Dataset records
-.-.-
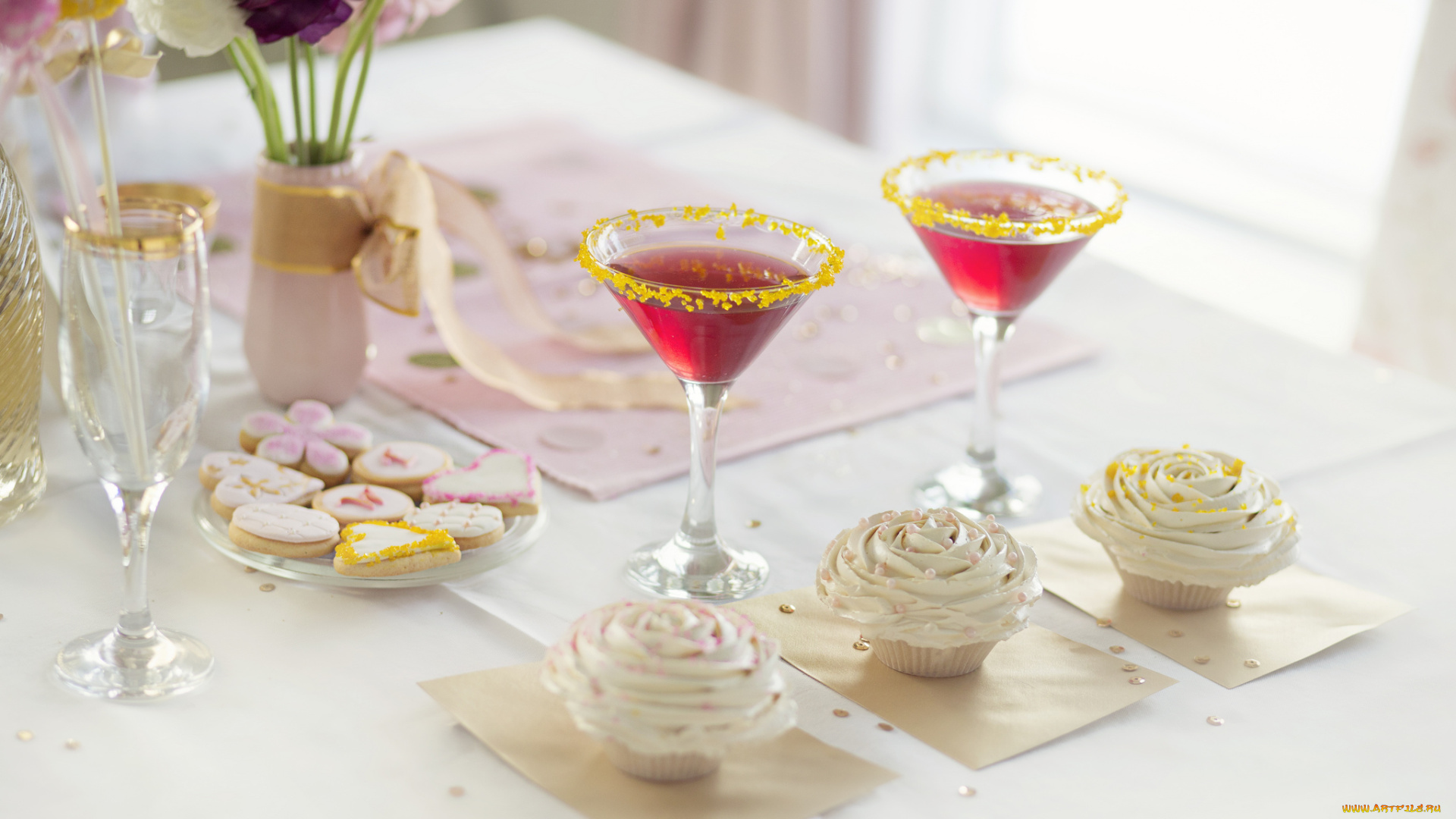 еда, разное, пирожное, бокалы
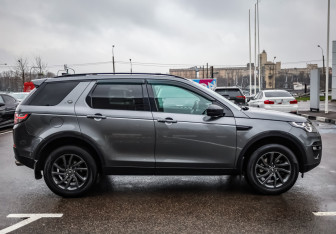 Подержанный автомобиль Land Rover Discovery Sport 2018 года (6 фото)
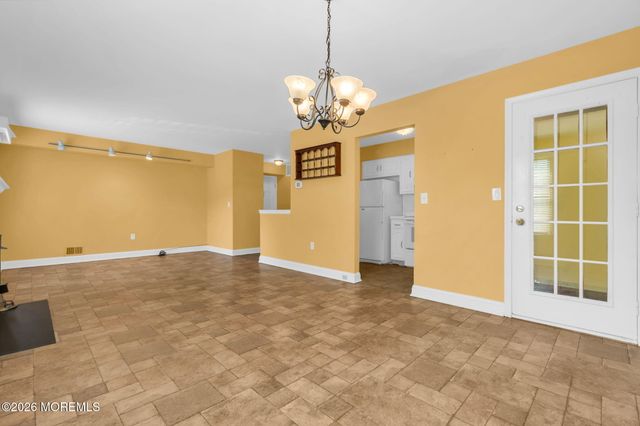 1102 Wellington Place, Matawan, NJ 07747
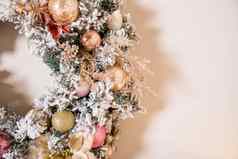 圣诞节花环使自然冷杉分支机构挂米色墙花环自然饰品疙瘩核桃视锥细胞一年冬天假期圣诞节装饰传统的花环复制空间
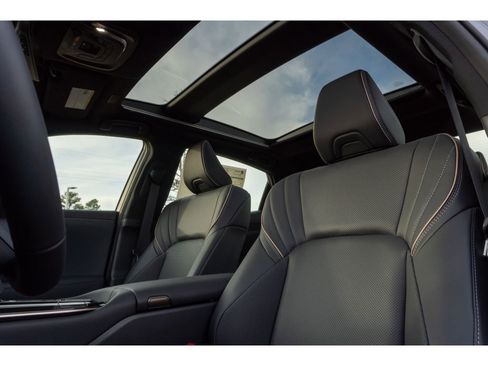 New 2026 Toyota Crown Limited image 12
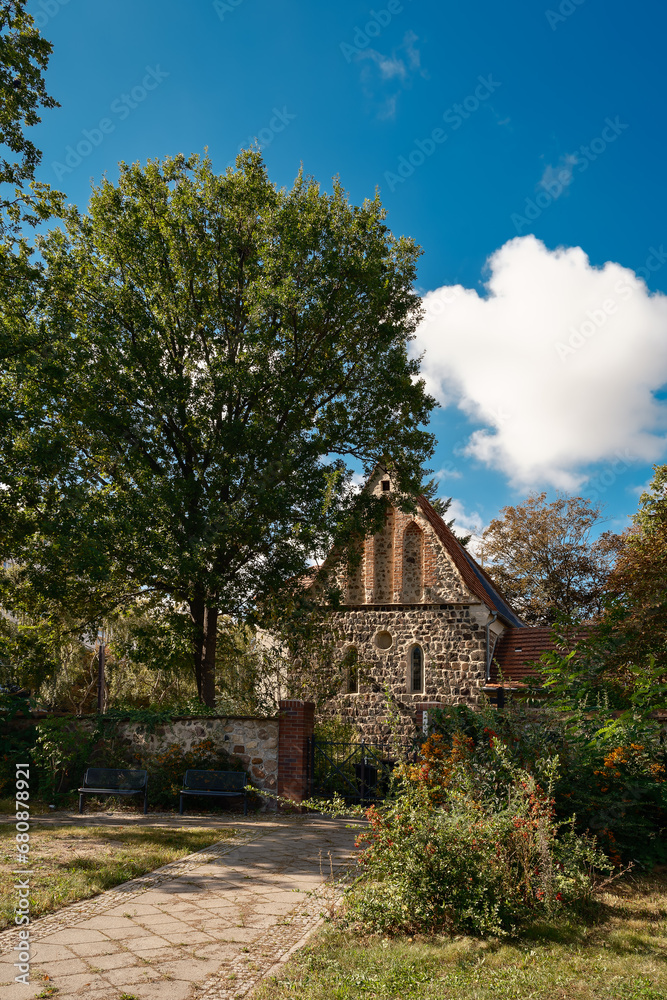 Auf dem ehemaligen Dorfanger von Alt-Hohenschönhausen liegt die Taborkirche aus dem 13. Jahrhundert am Übergang von der Romanik zur Gotik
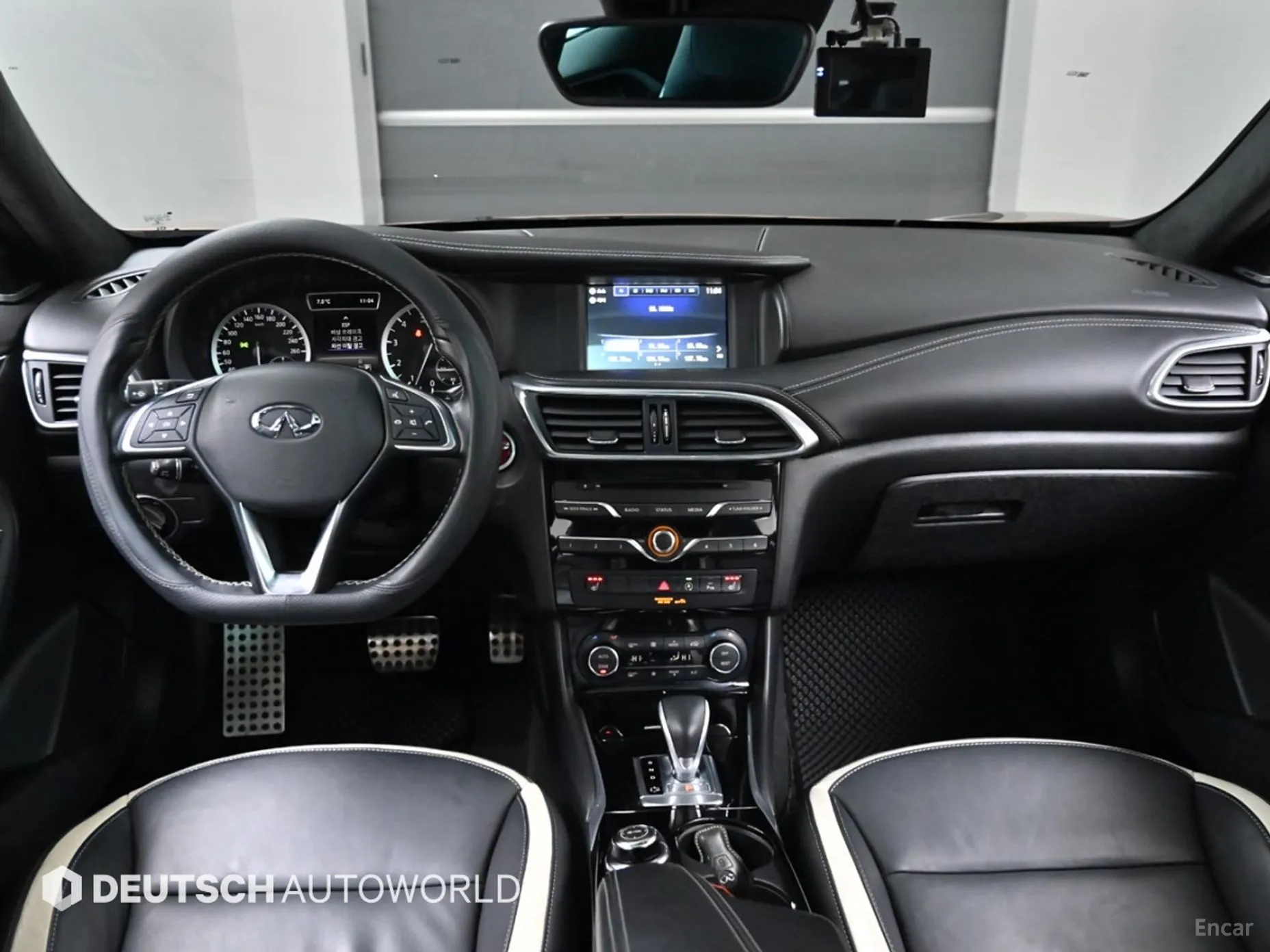 Infiniti Q30 превью 7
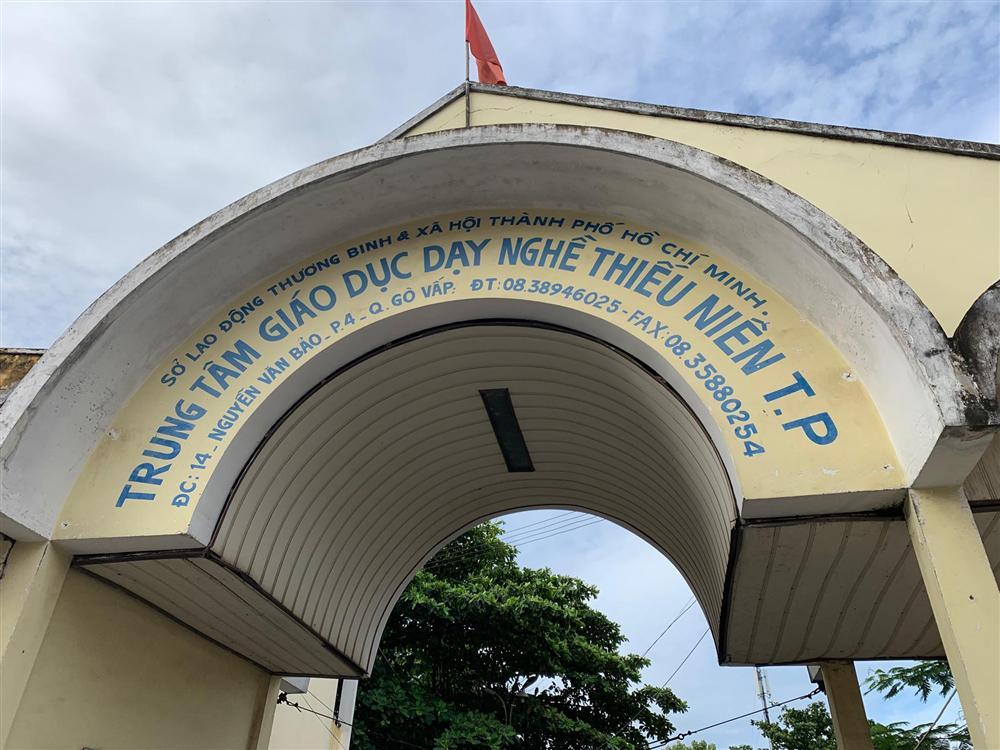 Người cha ở Sài Gòn ôm con khóc trong hạnh phúc sau hơn 4 tháng tìm kiếm mỏi mòn-3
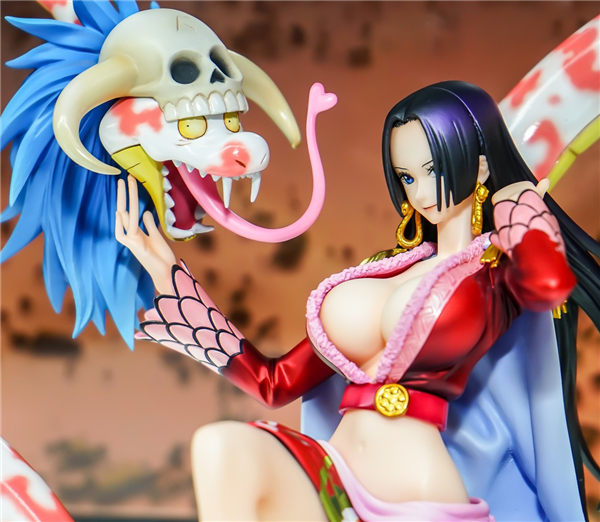 《海贼王》女帝性感手办赏 豪乳吸睛姿势撩人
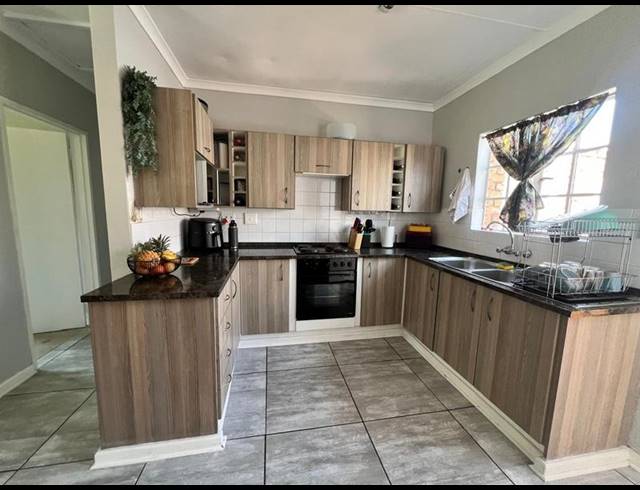 2 BEDROOM TOWNHOUSE FOR SALE IN SUNAIR PARK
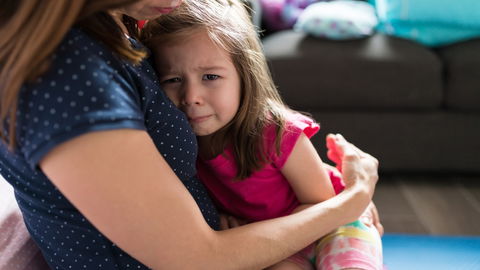11 sinnvolle Sätze, die ihr anstelle von "Sei doch nicht traurig!" sagen könnt
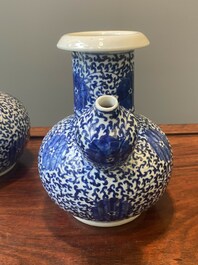 Paire de kendis en porcelaine de Chine bleu et blanc  &agrave; d&eacute;cor de rinceaux de lotus, 19&egrave;me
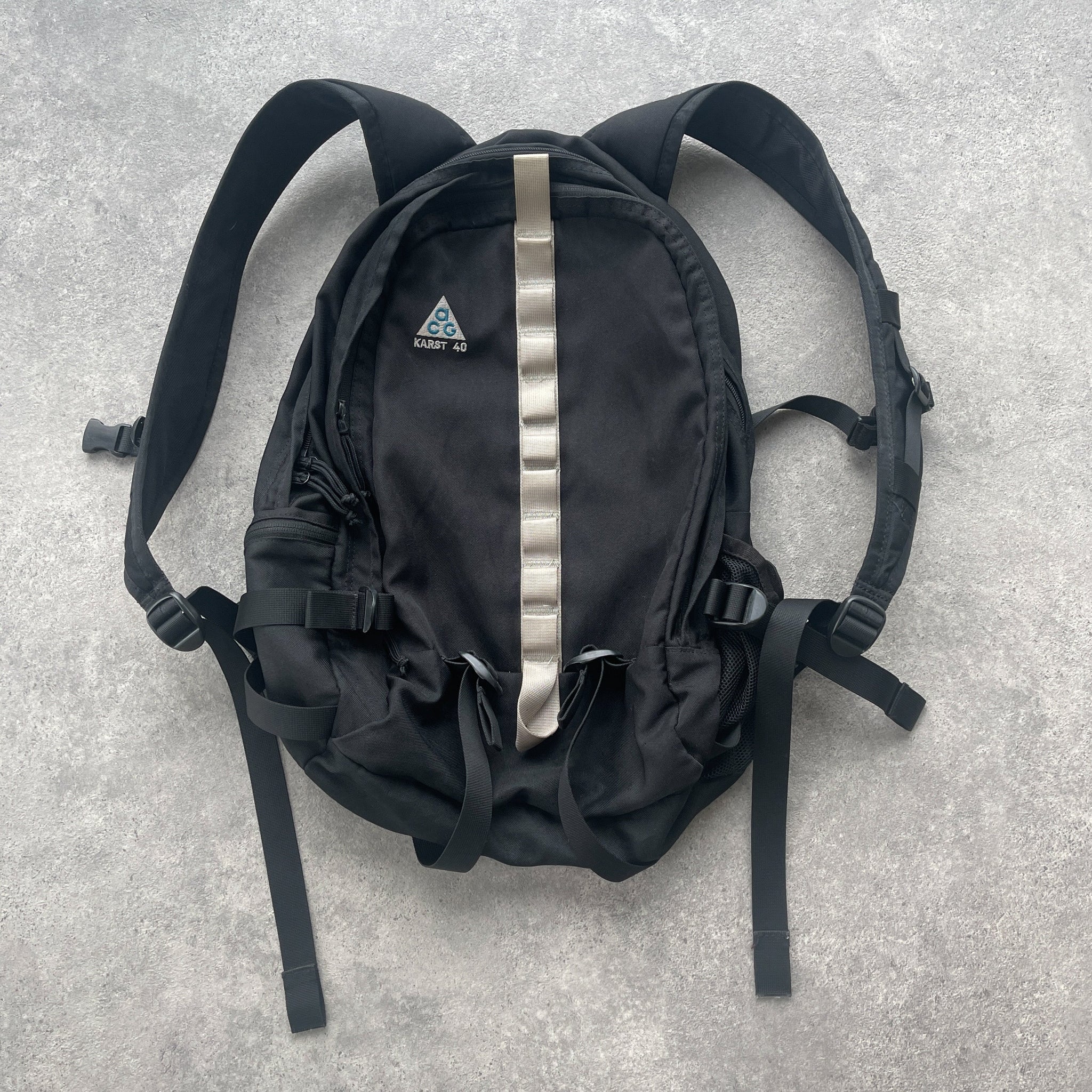 N*ke ACG 1990s Karst 40L backpack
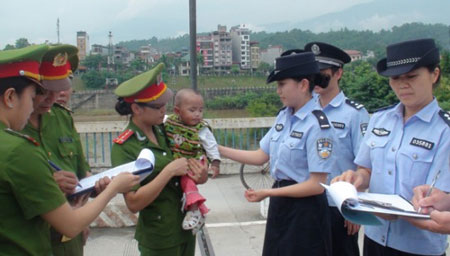 Cháu bé 1 tuổi trở về kỳ diệu sau khi bị bán sang Trung Quốc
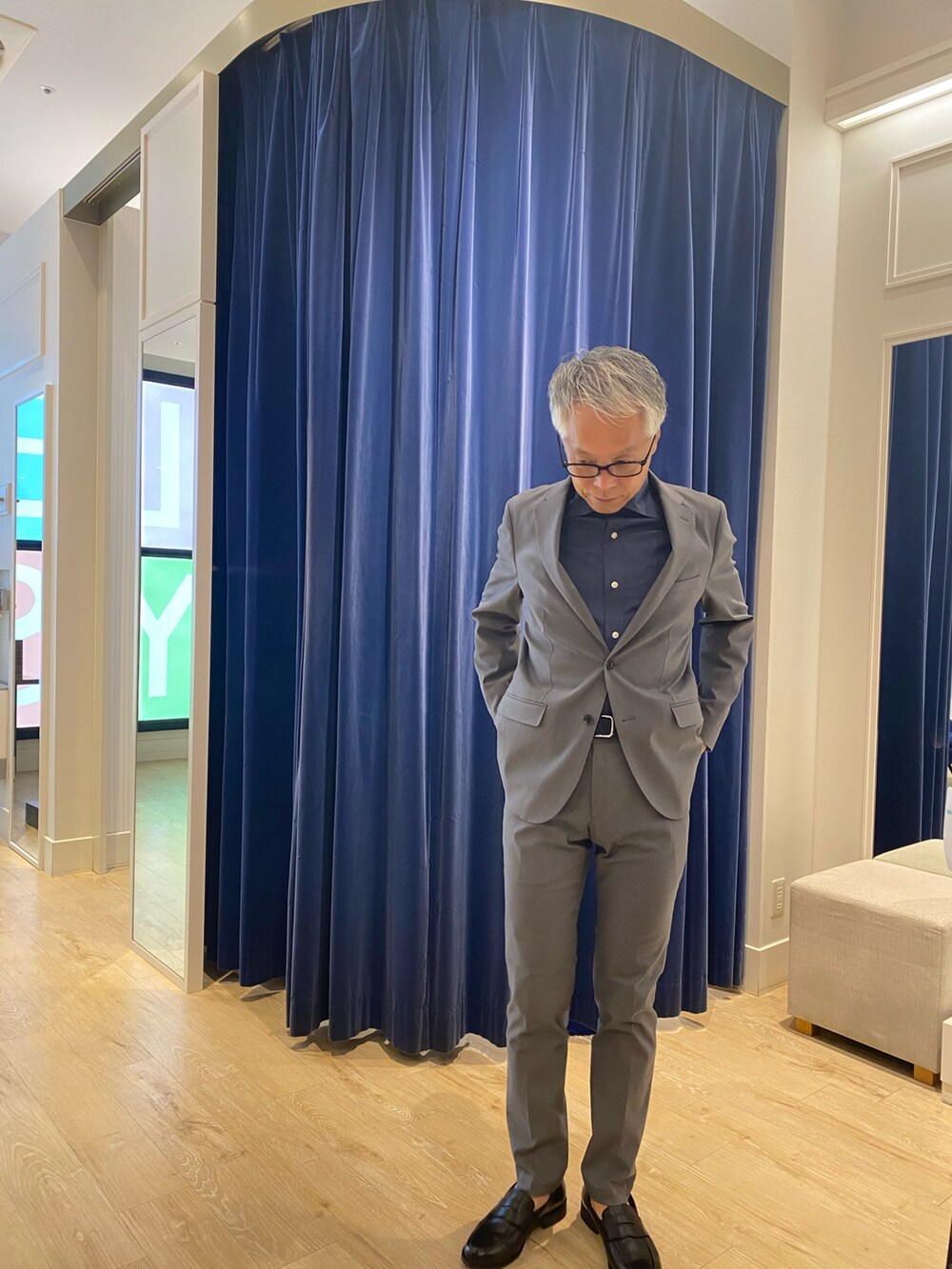 ブルー系のシャツ/ブラウス、グレー系のその他パンツ、ブルー系のテーラードジャケットを着用したメンズの秋コーディネートの2枚目の写真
-.-.-
Work required → Beginning with the line that contains "Người cha ở" and ending with the final line of the entries, every line must be copied exactly; the pictures must not.

Response area →
 Người cha ở Sài Gòn ôm con khóc trong hạnh phúc sau hơn 4 tháng tìm kiếm mỏi mòn-3
 《海贼王》女帝性感手办赏 豪乳吸睛姿势撩人
 2 BEDROOM TOWNHOUSE FOR SALE IN SUNAIR PARK
11 sinnvolle Sätze, die ihr anstelle von "Sei doch nicht traurig!" sagen könnt
 Paire de kendis en porcelaine de Chine bleu et blanc  &agrave; d&eacute;cor de rinceaux de lotus, 19&egrave;me
 N*ke ACG 1990s Karst 40L backpack
 Cháu bé 1 tuổi trở về kỳ diệu sau khi bị bán sang Trung Quốc
 ブルー系のシャツ/ブラウス、グレー系のその他パンツ、ブルー系のテーラードジャケットを着用したメンズの秋コーディネートの2枚目の写真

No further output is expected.